Having an up-to-date financial forecast for a recruitment agency is also useful if your trading environment worsens, as the forecast enables you to adjust to your new market conditions and anticipate any potential cash shortfall.
Finally, your recruitment agency's financial projections will also help you secure financing, as banks and investors alike will want to see accurate projections before agreeing to finance your business.
Need a convincing business plan?
The Business Plan Shop makes it easy to create a financial forecast to assess the potential profitability of your projects, and write a business plan that’ll wow investors.

What information is used as input to build a recruitment agency financial forecast?
A recruitment agency's financial forecast is only as good as the inputs used to build it.
If you are creating (or updating) the forecast of an existing recruitment agency, then you mostly need your accounting information, key historical operating non-financial data, and your team’s input on what to expect for the coming years.

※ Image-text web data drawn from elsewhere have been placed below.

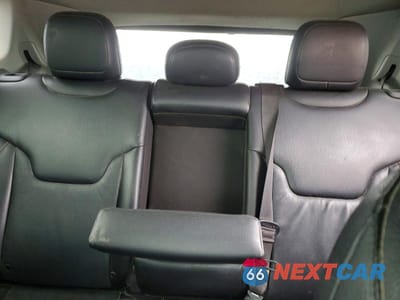 Zdjęcie 10 z 12 samochodu: 2021 JEEP COMPASS LIMITED VIN:3C4NJDCB3MT596334 - miniatura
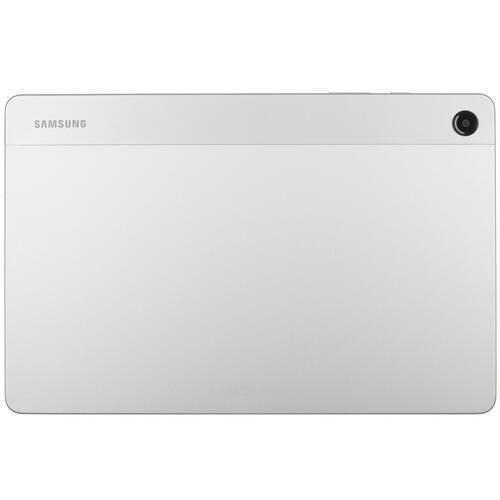 Купить 11" Планшет Samsung Galaxy Tab A9+ 5G 64 ГБ серебристый  5433467. Характеристики, отзывы и цены в Донецке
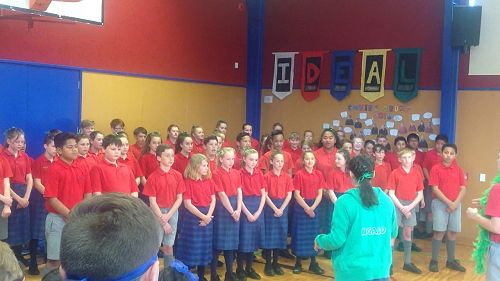 Ngaio - Take it Easy by Stan Walker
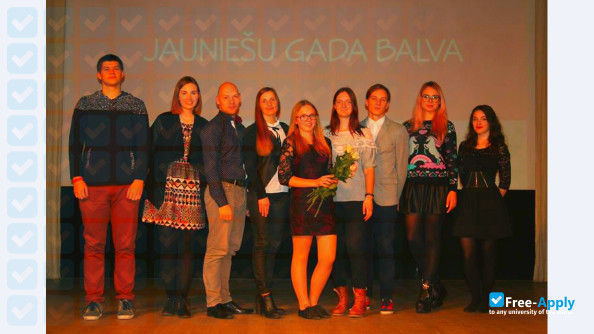 Foto de la Olaine College of Mechanics and Technologies #3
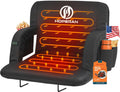 Heated Stadium Seats with Back Support I61009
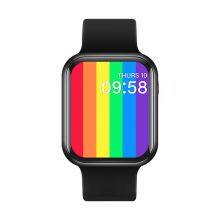2021 HOT Sale BT Call T500 Smart Watch Full Touch Screen Heart Rate Relojes Inteligentes Waterproof Smartwatch T500 thumbnail-4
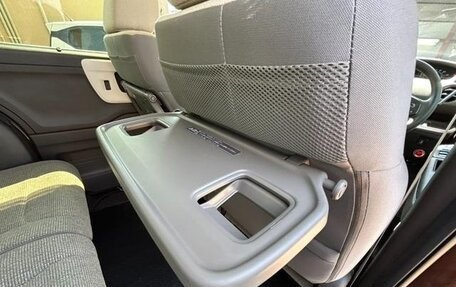 Honda N-BOX II, 2021 год, 763 000 рублей, 26 фотография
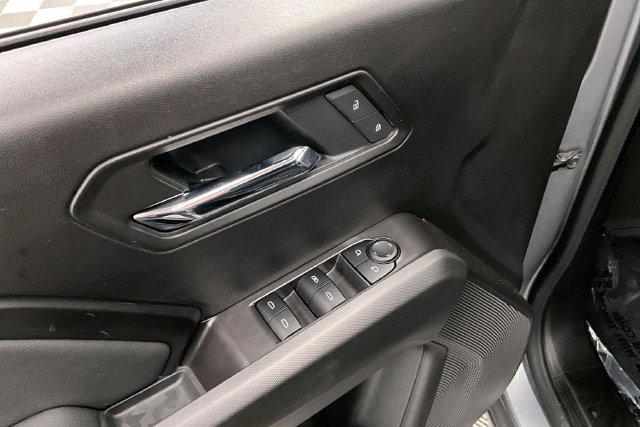 Used 2025 Sterling Metallic GMC Elevation image 35
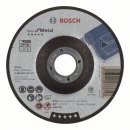 Bosch Trennscheibe gekröpft Best for Metal A 46 V...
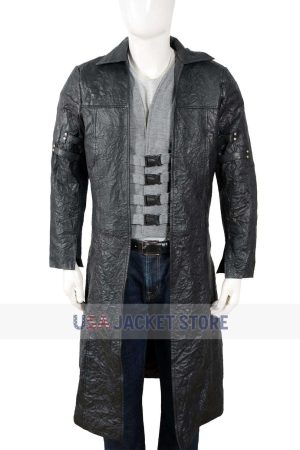 Roland Deschain Coat Vest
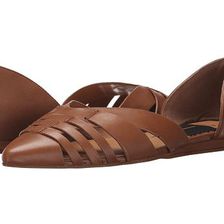 Incaltaminte Femei Dolce Vita Allan Tan Leather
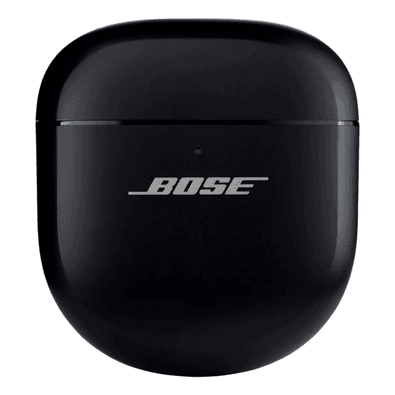 Fone de Ouvido Bose QuietComfort Ultra Black Fone de Ouvido Bose QuietComfort Ultra Black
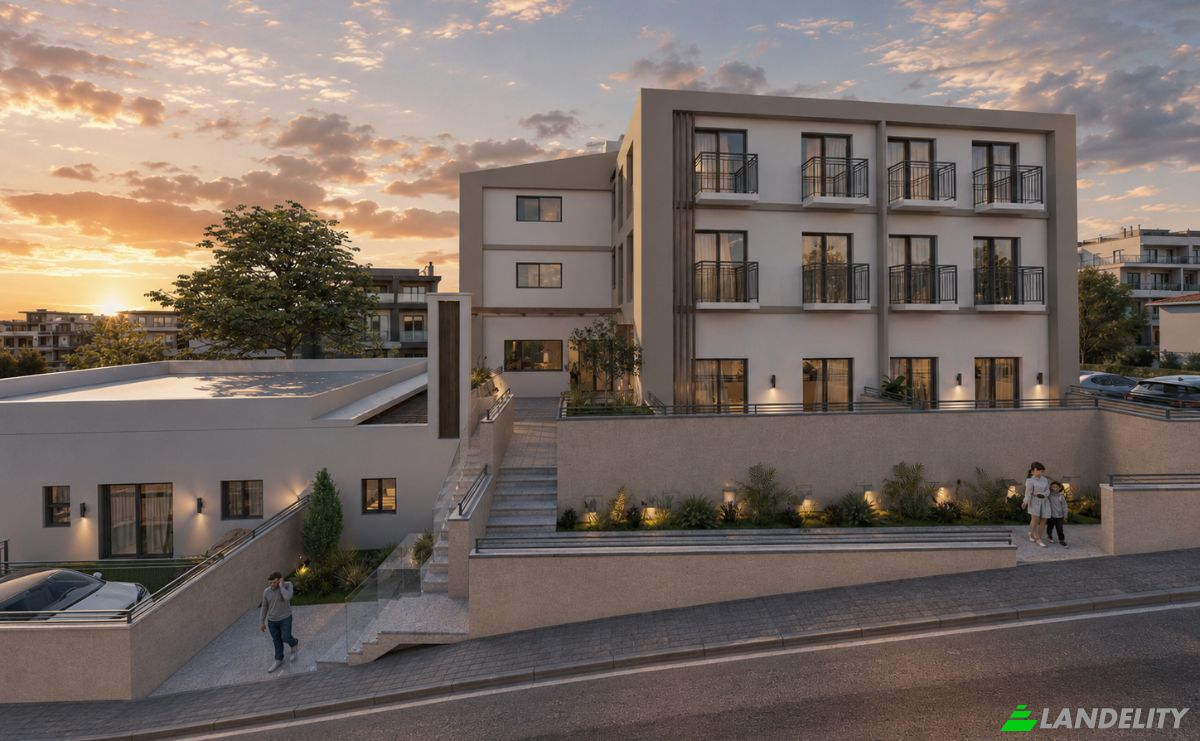 Apartment for Sale Leof Spaton 36, Gerakas 153 44, Gerakas, Attica, Decentralized Administration of Attica, Greece. Photo 1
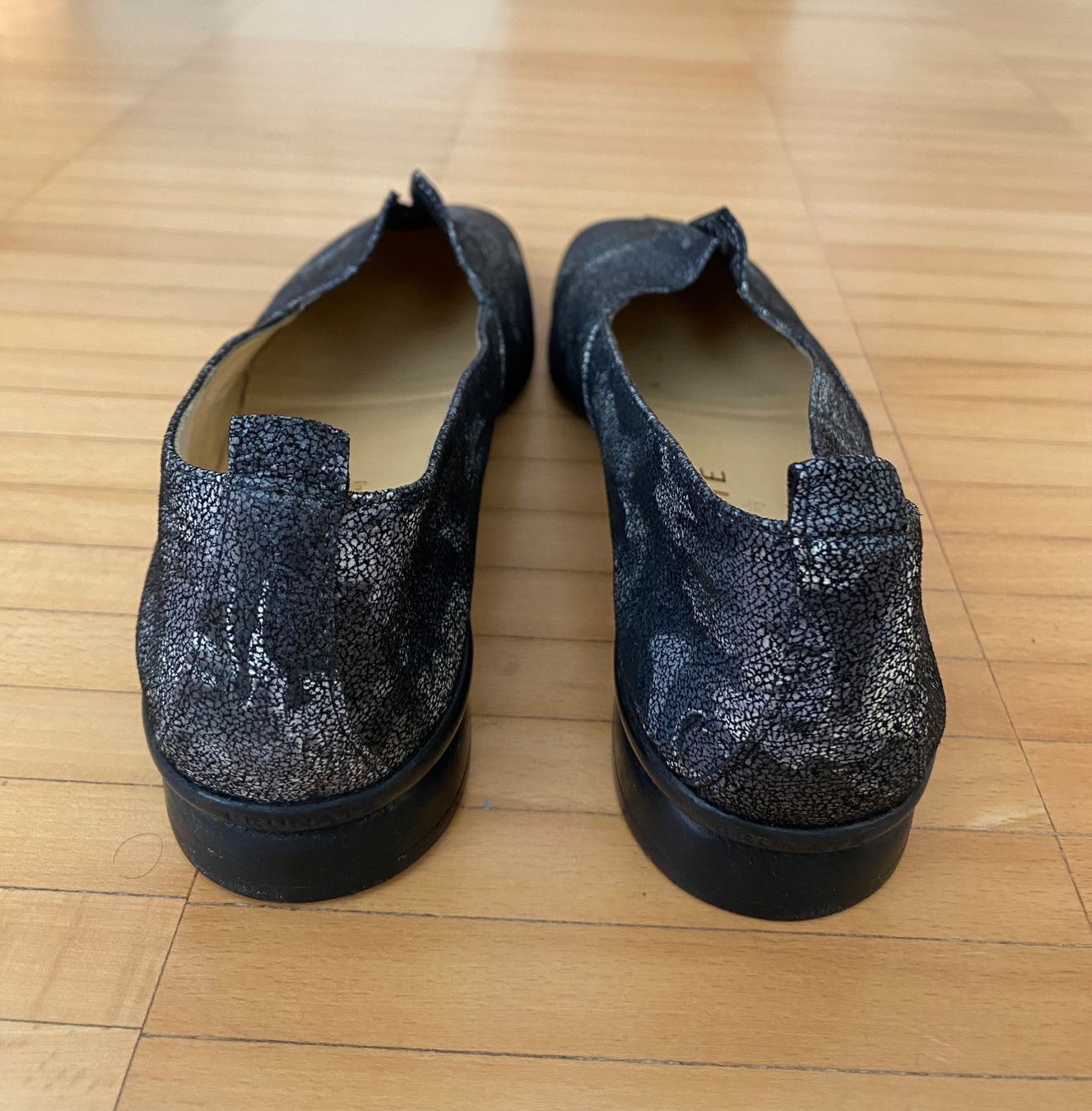 Brunate Scarpe da donna: Brunate Loafer Damen Gr. 39 – Nuovo (secondo la descrizione) da Frauenfeld venduto da LIL_NA 5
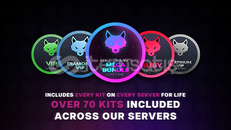 Werewolf Tüm Sunucularda Tek Kullanım Mega Vip Werewolf Tüm Sunucularda Tek Kullanım Mega Vip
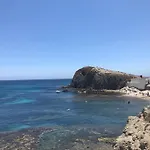 Apartamento Con Vistas Al Mar En La Isleta Del Moro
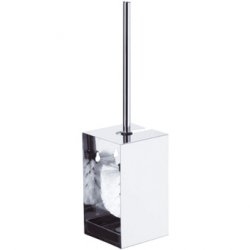 Porte-balayette inox Porte-balayette inox
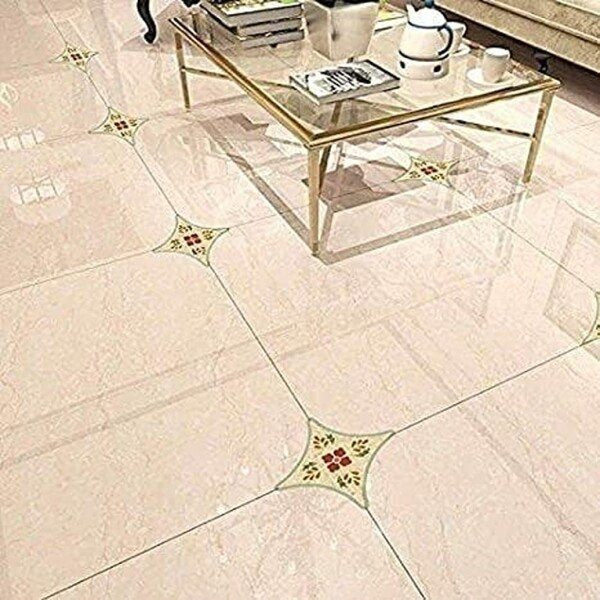 Self Adhesive PVC Diagonal Sticker Ceramic Tile Stickers (CLS-2388471)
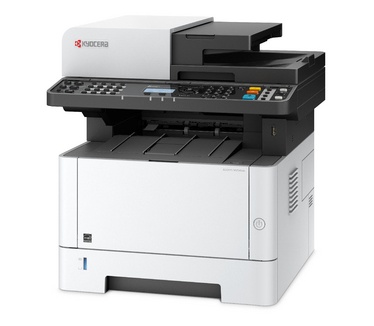 Kyocera M2540dn
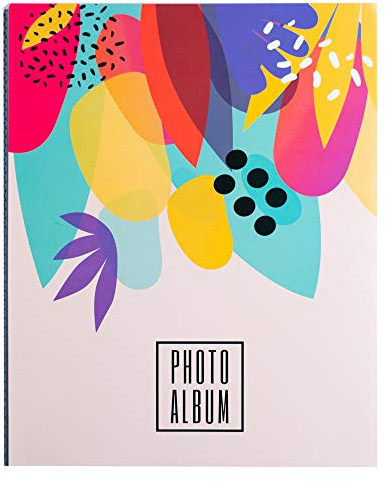 Grupo Erik - Album Photo Paris Tour Eiffel - 96 pochettes - 10 x 15 cm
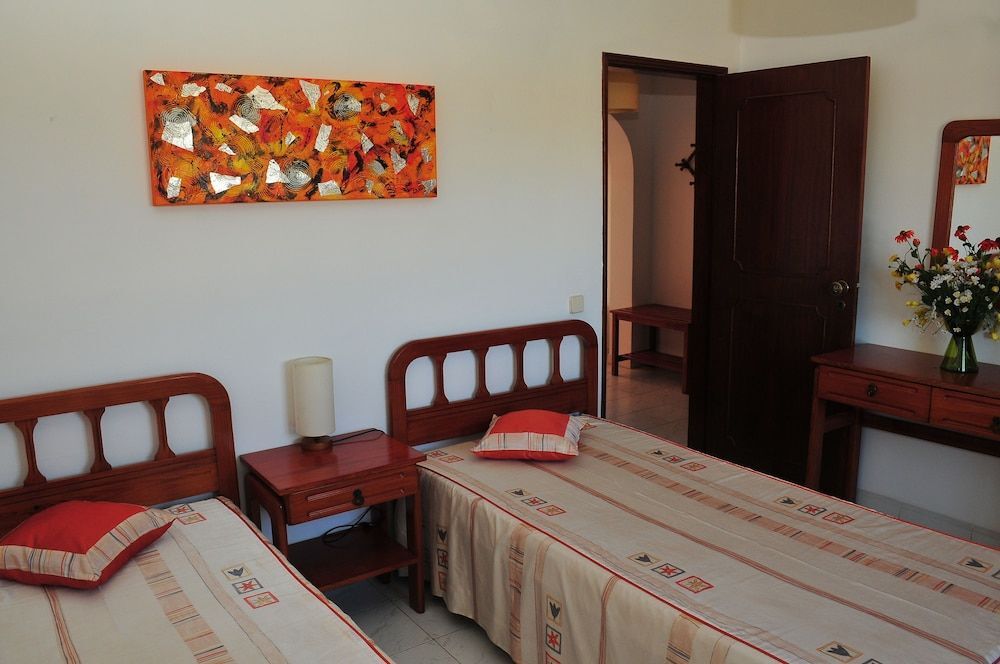 Solgarve Apartamentos Turísticos
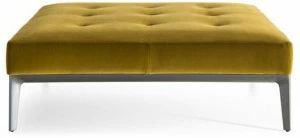 Molteni & C. Пуф Quadrato с мягкой подкладкой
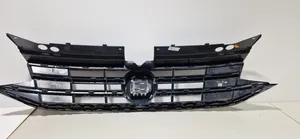 Volkswagen Tiguan Grille calandre supérieure de pare-chocs avant 5NA853651BF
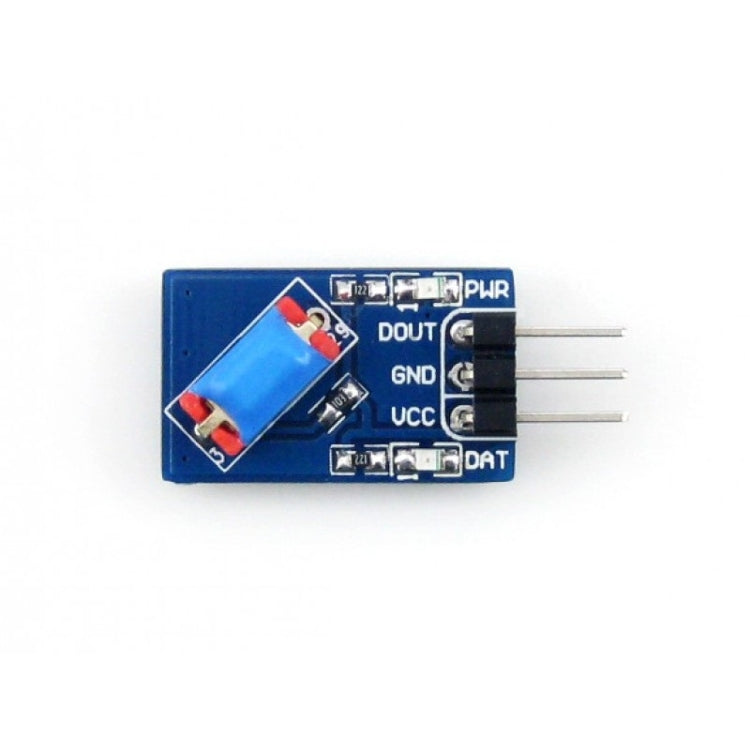 Waveshare Tilt Sensor - Modules Expansions Accessories by Waveshare | Online Shopping UK | buy2fix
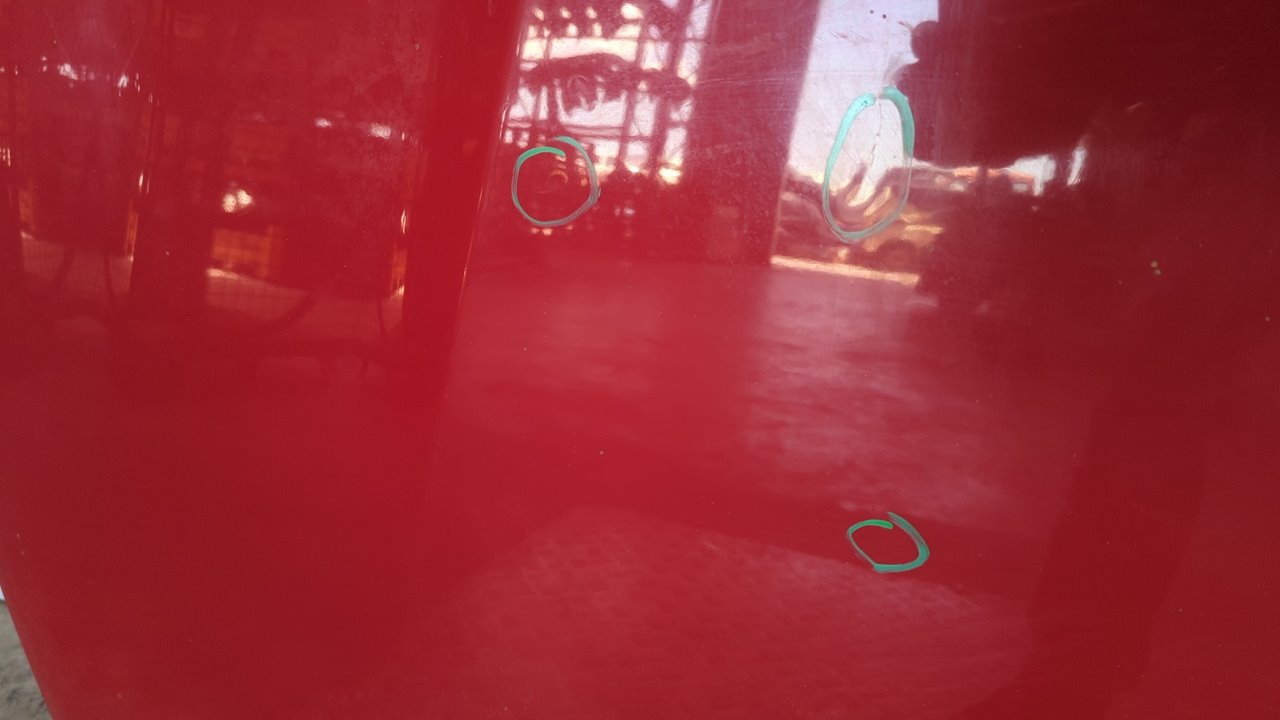 CAPO SEAT IBIZA (6L1) - vista 9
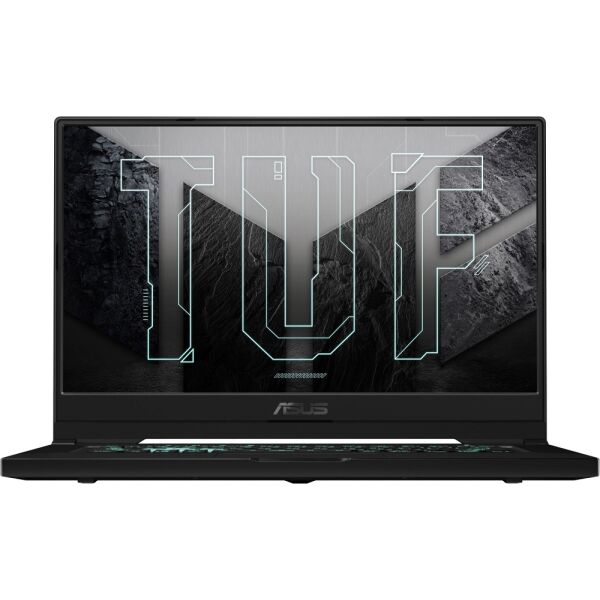

Ноутбуки ASUS, Игровой ноутбук Asus TUF Gaming Dash F15 FX516PM-AZ140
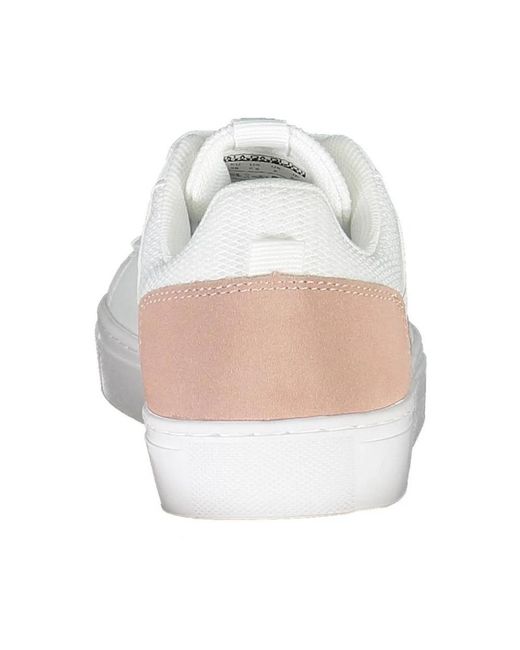Napapijri White Sneakers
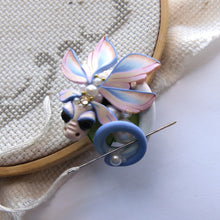 Load image into Gallery viewer, NEEDLE MINDER June Pearl Dragon 11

If you are building financial projections for a recruitment agency startup, you will need to have done your research and have a clear picture of your competitive environment and go-to-market strategy so that you can forecast sales accurately.
For a new venture, you will also need a precise list of the resources needed to keep the recruitment agency running on a day-to-day basis and a list of the equipment and expenditures required to start the business (more on that later).
Let's now take a closer look at the elements that make up your recruitment agency's financial forecast.
The sales forecast for a recruitment agency
From experience, it is usually best to start creating your recruitment agency financial forecast by your sales forecast.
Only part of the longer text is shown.